All this is by-product of a society where the enhancement of shareholder equity is the priority to which, as wheat to the scythe, everything else bows, Not even the rules of accountancy are exempted. The future is cut up and appropriated as were the commons in early sixteenth century England to serve as deer-parks. The 16th century—the “Age of Plunder—moved from the enclosure of the commons, to the privatizing of the pillage of the monasteries,” to the piracy on the seas by which much of Spaniards’ loot from their conquests ended up in England. In the process no stock can fall short of the exponential curve built into such a model without paying a ruinous penalty. But do stock-market jocks command the freshman maths to dig all this? They don’t have to. It is all incorporated in the graphs that usually accompany analyses in our financial press. When you see these graphs standing up vertically like a Viagra ad, you known that their alleged record has been exponential, and exponential it must continue. And if you have overlooked the exponential pattern on the way up, you now have plenty of opportunity to catch it on the way down. These days it is not unusual for outstanding high-tech shares to lose more than half their market evaluation in a matter of weeks. And each time this happens money which today is exclusively credit is destroyed throughout the economy.

The consequences are beyond the concerns that have suddenly taken over orthodox commentary about whether the cyclical “landing” of the economy will be “soft” or

“hard.” The fact is that the globalized, deregulated economy is without landing gear. And it has little to do with the traditional “cycle.” The financial institutions of most of the world are immobilised with capital losses reaching as far back as the seventies. Those cycles are flatter than a Firestone tire. To borrow from political lingo “there has been no closure”. The load of bad debt inherited from the financial crises has not been made good. It has merely been translated into ever more crushing debt taken over by governments, and the general public. The fractured societies of East Europe and Africa will not revert to where they were ten or twenty years ago on their own.

There is moreover an important sense in which the economics of the Western world are in worse shape than the Soviets were at the time when those Chernobyl reactors went berserk. The clean-up workers sent into what had become atomic furnaces were without protection and were clueless about the danger. But in the same Soviet Union there was a profession of physicists who could stand comparison with that of the West.

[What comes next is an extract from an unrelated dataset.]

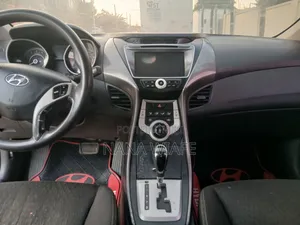 Hyundai Elantra 2013 White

It knew exactly what Chernobyl was about. That contrasts with the cluelessness of the officially recognised economics profession in the West. Most economists get their doctoral degree without a knowledge of Keynes or the relevance of the laws of freshman high-school algebra to the economy. That is why we are headed into what can be the greatest bout of deflation with central bankers who have taken vows never to mention “deflation,” with countries whose laws prevent them from incurring a deficit even in times of depression. The toll in human lives of that can easily outstrip that from the Chernobyl disaster.